- Brief: Type again, exactly, the lines below from the start through the line that includes "Re-Sale - Apartment".
BEGIN Listed records
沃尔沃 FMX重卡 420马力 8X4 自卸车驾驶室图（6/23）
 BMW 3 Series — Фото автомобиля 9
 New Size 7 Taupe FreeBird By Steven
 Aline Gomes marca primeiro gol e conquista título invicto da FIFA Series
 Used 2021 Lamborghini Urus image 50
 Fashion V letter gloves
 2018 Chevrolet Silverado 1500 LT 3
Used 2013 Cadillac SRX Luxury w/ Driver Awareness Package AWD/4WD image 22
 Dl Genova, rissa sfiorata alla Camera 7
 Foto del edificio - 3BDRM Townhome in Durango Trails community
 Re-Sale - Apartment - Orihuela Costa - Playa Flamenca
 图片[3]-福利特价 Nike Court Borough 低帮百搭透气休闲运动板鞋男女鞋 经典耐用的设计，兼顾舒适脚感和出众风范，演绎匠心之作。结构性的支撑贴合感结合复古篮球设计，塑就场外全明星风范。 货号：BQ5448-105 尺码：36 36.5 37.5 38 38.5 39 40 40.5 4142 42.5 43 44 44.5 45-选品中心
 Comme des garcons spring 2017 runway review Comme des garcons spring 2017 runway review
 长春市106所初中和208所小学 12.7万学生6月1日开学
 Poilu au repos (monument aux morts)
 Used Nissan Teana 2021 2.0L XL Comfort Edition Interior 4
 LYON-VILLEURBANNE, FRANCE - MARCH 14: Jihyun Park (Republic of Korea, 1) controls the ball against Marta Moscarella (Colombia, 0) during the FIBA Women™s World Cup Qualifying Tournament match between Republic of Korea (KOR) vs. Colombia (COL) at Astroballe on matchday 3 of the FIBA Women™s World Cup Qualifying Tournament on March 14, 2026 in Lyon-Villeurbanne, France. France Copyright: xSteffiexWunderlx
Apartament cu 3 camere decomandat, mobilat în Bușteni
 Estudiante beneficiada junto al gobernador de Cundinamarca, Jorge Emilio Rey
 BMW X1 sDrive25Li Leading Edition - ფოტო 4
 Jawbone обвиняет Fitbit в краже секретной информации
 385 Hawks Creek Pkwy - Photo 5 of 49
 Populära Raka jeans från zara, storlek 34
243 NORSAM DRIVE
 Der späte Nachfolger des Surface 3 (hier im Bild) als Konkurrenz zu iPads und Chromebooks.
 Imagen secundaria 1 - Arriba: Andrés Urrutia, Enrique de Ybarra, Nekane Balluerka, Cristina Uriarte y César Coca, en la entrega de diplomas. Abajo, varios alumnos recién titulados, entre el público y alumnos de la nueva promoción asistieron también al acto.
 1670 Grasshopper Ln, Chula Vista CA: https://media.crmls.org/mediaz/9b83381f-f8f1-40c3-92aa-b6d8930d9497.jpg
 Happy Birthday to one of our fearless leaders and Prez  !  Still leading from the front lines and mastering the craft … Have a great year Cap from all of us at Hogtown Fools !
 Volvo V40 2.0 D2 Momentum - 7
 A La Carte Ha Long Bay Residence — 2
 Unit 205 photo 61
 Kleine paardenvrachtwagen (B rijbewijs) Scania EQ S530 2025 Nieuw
END Listed records
- Solution to this task:
沃尔沃 FMX重卡 420马力 8X4 自卸车驾驶室图（6/23）
 BMW 3 Series — Фото автомобиля 9
 New Size 7 Taupe FreeBird By Steven
 Aline Gomes marca primeiro gol e conquista título invicto da FIFA Series
 Used 2021 Lamborghini Urus image 50
 Fashion V letter gloves
 2018 Chevrolet Silverado 1500 LT 3
Used 2013 Cadillac SRX Luxury w/ Driver Awareness Package AWD/4WD image 22
 Dl Genova, rissa sfiorata alla Camera 7
 Foto del edificio - 3BDRM Townhome in Durango Trails community
 Re-Sale - Apartment - Orihuela Costa - Playa Flamenca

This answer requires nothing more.